Testing Deep Learning-based Systems
Deep learning has been deployed more and more across imaging, language models, autonomous vehicles, and more. After development - a well-studied area - you typically need to deploy them into a production environment. As a less studied area with many moving pieces, developers often see issues crop up during deployment. While it is understandable due to the DL model experts not necessarily being experts across other facets of development, by analyzing and understanding the kinds of causes of these faults we as a community will hopefully be able to better address them. This week’s three papers analyzed the development and deployment pipeline of deep learning models, to define taxonomies and suggest directions for process improvement.
Between the three papers, each had differences in the way that they sourced, sliced, and organized their data regarding deployment and development issues encountered in deep learning. Each approach had up- and down-sides, but by tackling the problem from so many perspectives you’re left with a much more comprehensive view of the landscape. As Chen et al pointed out, the popularity of deploying deep learning models is ever-increasing, along with the number of questions asked on StackOverflow and GitHub, so it’s time to focus a little more on the application of these models as opposed to just developing them in a vacuum.
Chen et al
Chen et al and Humbatova et all sourced their issues from scraping StackOverflow and GitHub, while Zhang et al pulled their data from an internal analysis at Microsoft of their deep learning platform Philly. Philly exists only at Microsoft, certainly, and web-sourced data is more democratic and sure to cut across a wider swath of developers, but there’s certainly a benefit to using an internal system is being able to peek “behind the curtain” to see the issues programmers encounter but don’t share. As a result, simple general programming issues like key errors, undefined variables and type mismatches showed up in force in the Philly study at over one-third of total issues, illustrating room for particular improvement in the debugging systems used for DL.
Humbatova and Chen mostly avoided these general issues, by focusing their search on web-based DL-specific questions involving development and deployment, respectively.
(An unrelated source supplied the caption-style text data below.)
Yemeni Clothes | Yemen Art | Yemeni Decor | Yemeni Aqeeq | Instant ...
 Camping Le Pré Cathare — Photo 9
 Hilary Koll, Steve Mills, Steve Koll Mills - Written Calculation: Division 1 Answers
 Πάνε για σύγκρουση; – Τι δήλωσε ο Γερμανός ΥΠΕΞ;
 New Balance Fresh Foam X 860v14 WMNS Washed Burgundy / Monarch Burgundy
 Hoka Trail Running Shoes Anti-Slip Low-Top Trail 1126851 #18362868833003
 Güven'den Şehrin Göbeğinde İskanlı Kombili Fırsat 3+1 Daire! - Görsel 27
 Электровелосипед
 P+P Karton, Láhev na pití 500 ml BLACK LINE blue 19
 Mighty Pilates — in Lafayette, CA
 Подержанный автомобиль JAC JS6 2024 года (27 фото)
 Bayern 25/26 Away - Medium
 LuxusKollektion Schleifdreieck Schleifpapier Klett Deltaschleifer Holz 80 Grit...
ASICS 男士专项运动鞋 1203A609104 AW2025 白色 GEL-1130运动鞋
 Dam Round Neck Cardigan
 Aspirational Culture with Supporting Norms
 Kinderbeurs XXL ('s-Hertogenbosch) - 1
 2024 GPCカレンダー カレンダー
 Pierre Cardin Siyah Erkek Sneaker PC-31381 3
While they both searched for terms like “keras,” “tensorflow” and “pytorch,” Chen went the extra step of filtering further for cloud, mobile, and browser-specific questions. Humbatova also fleshed out the sourcing via interviews, to see not only what questions were asked by developers but also what questions developers felt they had.
We’ll begin with Humbatova’s findings, as it covers the beginning of the deep learning development process. After a manual analysis of 331 commits and 277 issues from GitHub, 477 Q&A on StackOverflow, and 20 semi-structured interviews both practitioners and researchers, the paper wound up with five main categories of deep learning issues:
Model issues: relates to the structure and properties of a DL model
Tensors and inputs: wrong shape, type, or format of data
Training: all facets of the training process (the largest and most confirmed category)
GPU Usage: all faults related to the GPU, generally very specific problems so no subcategorization
APIs: interfacing with the framework’s API usage
The final tree involved 92 leaves, each representing an issue encountered with deep learning systems. But they didn’t stop there! They then put the issue taxonomy to use, seeing whether mutation testing had adequate coverage of these issues.
Mutations are artificial faults seeded into a program during the testing process to test robustness and reliability of the system. It turns out that only 6 of the 92 issue categories were covered by current mutants, so there’s a lot of room for improvement and developing new mutation operators.
The final class vote was to accept, as everyone was impressed by the thorough data collection and detailed, step-by-step explanation of their filtering process. The authors also cast a wide net by both collecting examples from the web through automated systems, along with employing interviews in multiple steps of the process.
The two techniques of collection wound up having a large effect on the final result: the GitHub/StackOverflow data highlighted specific technical issues, while the interviews highlighted process-related issues. As a result, this is an excellent foundation for further research into faults and organization of faults for deep learning systems.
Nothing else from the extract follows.